--- INPUT DATA ---
....................
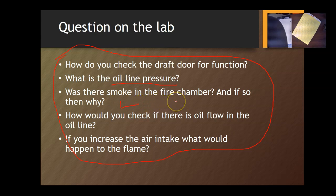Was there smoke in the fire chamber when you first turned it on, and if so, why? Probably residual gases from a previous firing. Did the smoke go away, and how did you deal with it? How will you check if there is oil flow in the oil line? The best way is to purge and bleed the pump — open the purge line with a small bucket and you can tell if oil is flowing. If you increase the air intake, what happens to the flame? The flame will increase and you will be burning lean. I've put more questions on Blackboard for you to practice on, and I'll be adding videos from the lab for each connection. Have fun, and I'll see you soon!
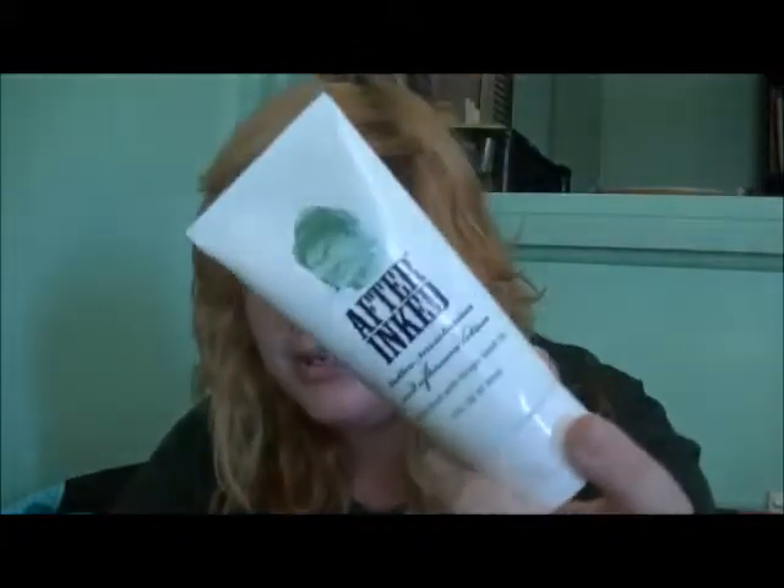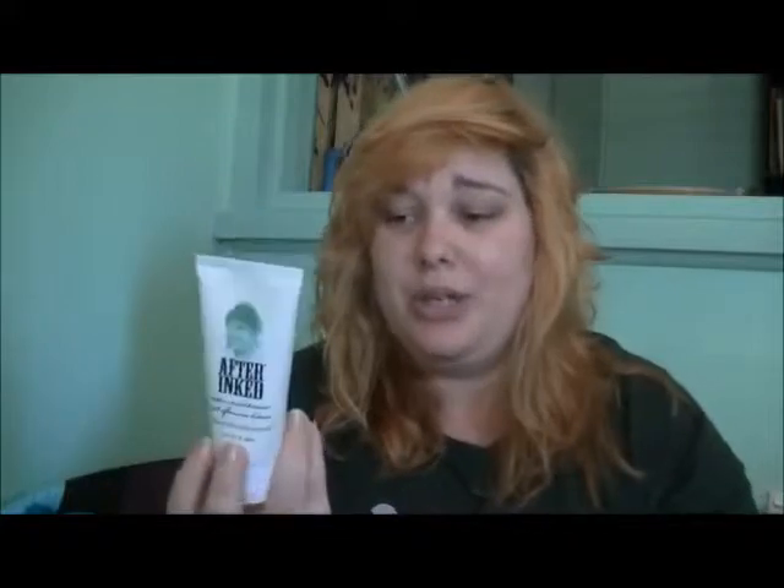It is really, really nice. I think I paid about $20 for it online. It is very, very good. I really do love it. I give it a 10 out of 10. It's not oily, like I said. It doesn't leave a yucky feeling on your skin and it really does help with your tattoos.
....................
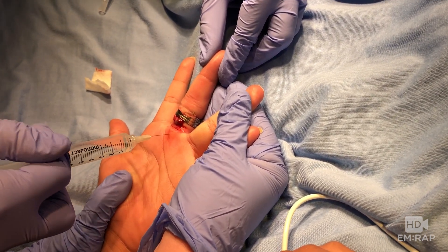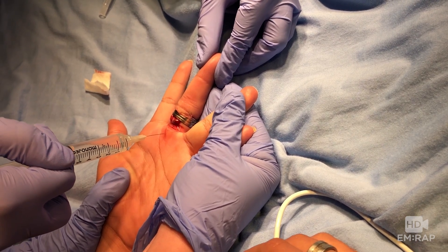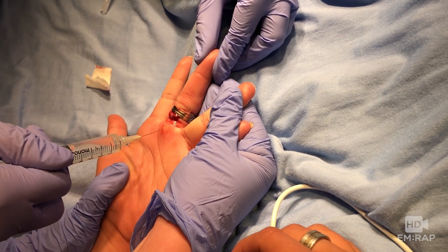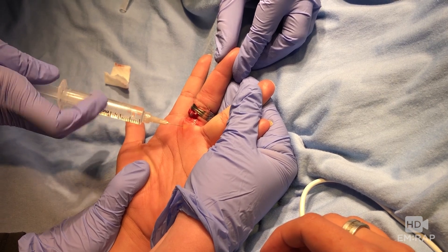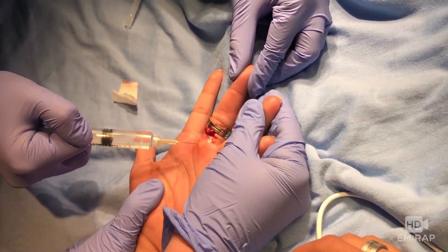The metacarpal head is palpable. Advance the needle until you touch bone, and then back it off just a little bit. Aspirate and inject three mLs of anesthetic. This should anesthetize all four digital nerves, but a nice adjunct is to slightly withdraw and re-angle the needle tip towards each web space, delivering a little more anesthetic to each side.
....................
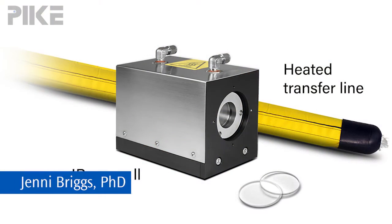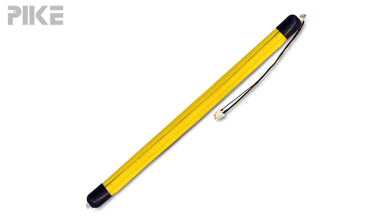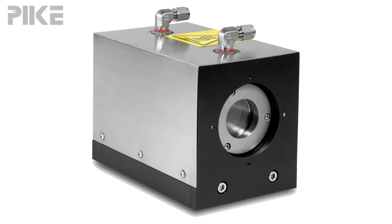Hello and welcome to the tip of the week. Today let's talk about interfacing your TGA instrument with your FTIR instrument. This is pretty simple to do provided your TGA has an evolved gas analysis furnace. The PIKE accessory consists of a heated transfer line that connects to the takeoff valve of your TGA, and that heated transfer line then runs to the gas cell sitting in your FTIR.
....................
--- WHAT YOU ARE ASKED TO DO ---
Transcribe, from the material above, the stretch starting at the line with "Was there smoke" and ending at the line with "It is really, really", both included, exactly. Do not carry over pictures.

--- TASK OUTPUT ---
Was there smoke in the fire chamber when you first turned it on, and if so, why? Probably residual gases from a previous firing. Did the smoke go away, and how did you deal with it? How will you check if there is oil flow in the oil line? The best way is to purge and bleed the pump — open the purge line with a small bucket and you can tell if oil is flowing. If you increase the air intake, what happens to the flame? The flame will increase and you will be burning lean. I've put more questions on Blackboard for you to practice on, and I'll be adding videos from the lab for each connection. Have fun, and I'll see you soon!
It is really, really nice. I think I paid about $20 for it online. It is very, very good. I really do love it. I give it a 10 out of 10. It's not oily, like I said. It doesn't leave a yucky feeling on your skin and it really does help with your tattoos.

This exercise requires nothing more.